# HulC for Online Algorithms
## Introduction
For big data problems, M-estimators are often obtained using online algorithms such as the stochastic gradient descent (SGD) or many of its variants. These algorithms have a low cost per iteration and only takes $n$ iterations where $n$ is the number of observations. The vanilla SGD has been extended and generalized in several ways for improvement. For example, the implicit SGD of [Toulis and Airoldi](https://drive.google.com/file/d/1aC6ZHZF-_YDw4T8cwYlmfwSqL9-LREyf/view) (2017, Annals of Statistics) provides implicit updates on the parameter values and brings more stability compared to the vanilla SGD. The ROOT-SGD method of [Li, Mou, Wainwright, and Jordon](https://arxiv.org/pdf/2008.12690.pdf) (2020, ArXiv:2008.12690) improves the vanilla SGD in terms of its finite sample behavior as well as reduce the order of higher order terms for asymptotic normality. The gradient-free SGD method of [Chen, Lai, Li, and Zhang](https://arxiv.org/pdf/2102.03389.pdf) (2021, ArXiv:2102.03389) relaxes the requirement explicitly known unbiased estimator of gradient for SGD. They only use function values to compute the gradient by Gaussian perturbation. These online algorithms nicely tackle the problem of estimation from a computational perspective. However, inference via confidence intervals using these online algorithms is relatively not as well understood. For all the algorithms mentioned above including the vanilla SGD, it is known that under certain regularity conditions, the average of the iterates has an asymptotic Gaussian distribution centered at the true parameter value. For this result for vanilla SGD, see [Polyak and Juditsky](http://www.meyn.ece.ufl.edu/archive/spm_files/Courses/ECE555-2011/555media/poljud92.pdf) (1992, SIAM J. Control and Optimization). The inference problem based on these online algorithms has received a lot of attention in the recent times. There are two main lines of research:
- Estimating the asymptotic covariance matrix and construct the usual Wald intervals;
- Run a parallel perturbed online algorithms so as to replicate the distribution of the original estimator. This is similar to multiplier bootstrap.

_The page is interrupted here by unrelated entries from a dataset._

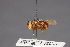  ( - CNC Diptera 28485)  @11 [ ] CreativeCommons - Attribution Non-Commercial (2010) Unspecified Agriculture and Agri-Food Canada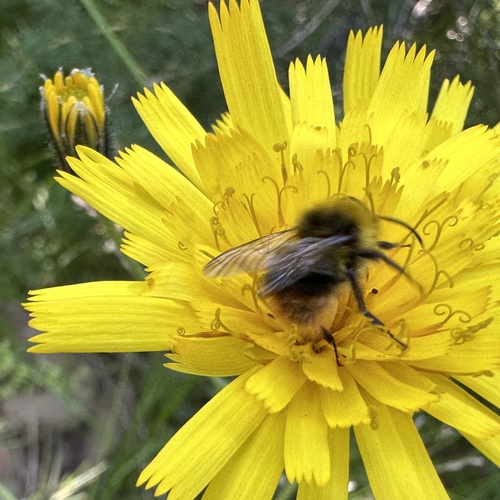 Rani bumbar (Bombus pratorum)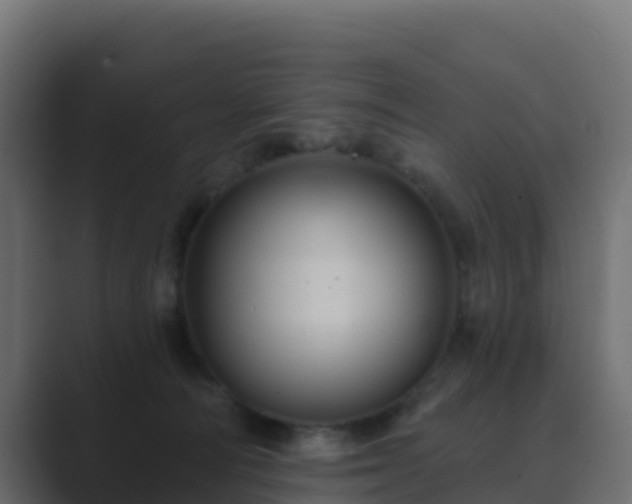 X0000089720226200706281537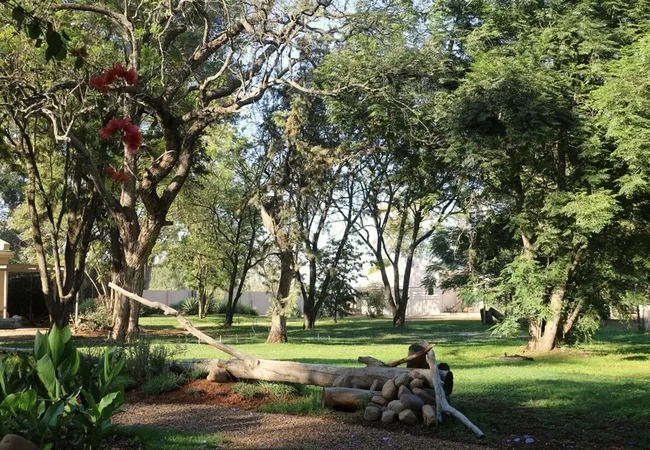 addo-african-home-addo-7rcqk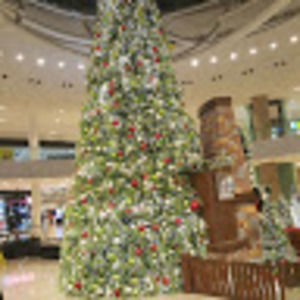 Meet your Posher, Annie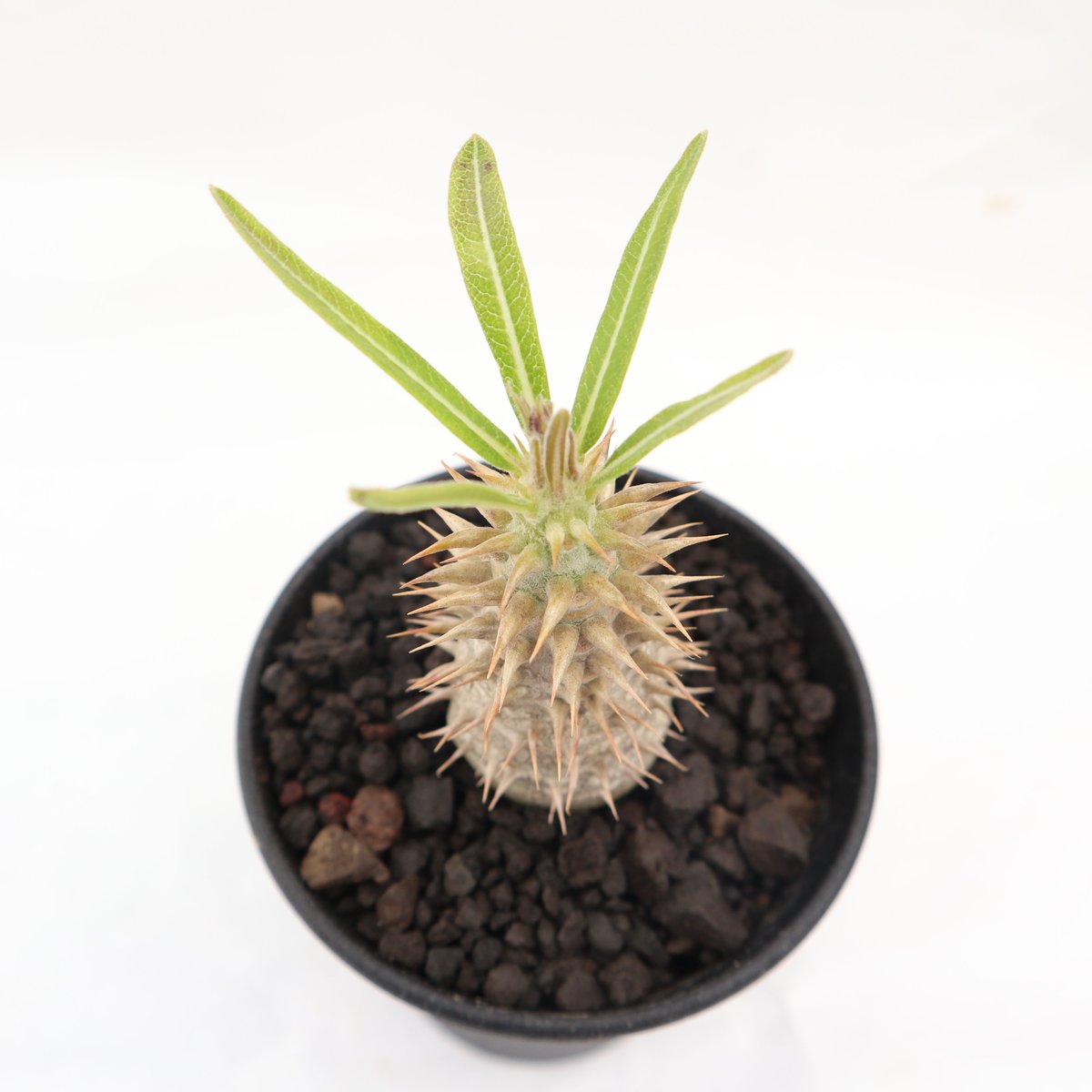 パキポディウム マカイエンセ 実生 №3 | mana's farm:塊根植物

## SGD and asymptotic normality
Let us now discuss the vanilla SGD and discuss its asymptotic normality. Let $\theta^{\star}\in\mathbb{R}^d$ be defined as
\begin{equation*}
\theta^{\star} := \underset{\theta\in\mathbb{R}^d}{\text{argmin}} F(\theta),\quad\mbox{where}\quad F(\theta) = \mathbb{E}[f(Z; \theta)],
\end{equation*}
for a random variable $Z$ in some measurable space. Let $Z_1, Z_2, \ldots$ be a sequence of independent and identically distributed random variables observed sequentially. If $\theta_0$ denotes a given starting point, the SGD iterate at the $t$-th iterate is given by
\begin{equation*}
\theta_t = \theta_{t-1} - \eta_t\nabla f(Z_t; \theta_{t-1}),
\end{equation*}
where $\nabla f(z; \theta) = \partial f(z; \theta)/\partial\theta$ denotes the gradient of $\theta\mapsto f(z; \theta)$.
In general, the step size $\eta_t$ is chosen to decrease with $t$. At time $T$, the algorithm can return either the last iterate $\theta_T$ or the average iterate $\bar{\theta}_T = T^{-1}\sum_{t=1}^T \theta_t$. The averaging is called Polyak--Ruppert averaging. The results of [Polyak and Juditsky](http://www.meyn.ece.ufl.edu/archive/spm_files/Courses/ECE555-2011/555media/poljud92.pdf) imply that the average iterate is a "better" estimator of $\theta^{\star}$ than the last iterate. In the following, we only discuss the properties of the average iterate $\bar{\theta}_T$.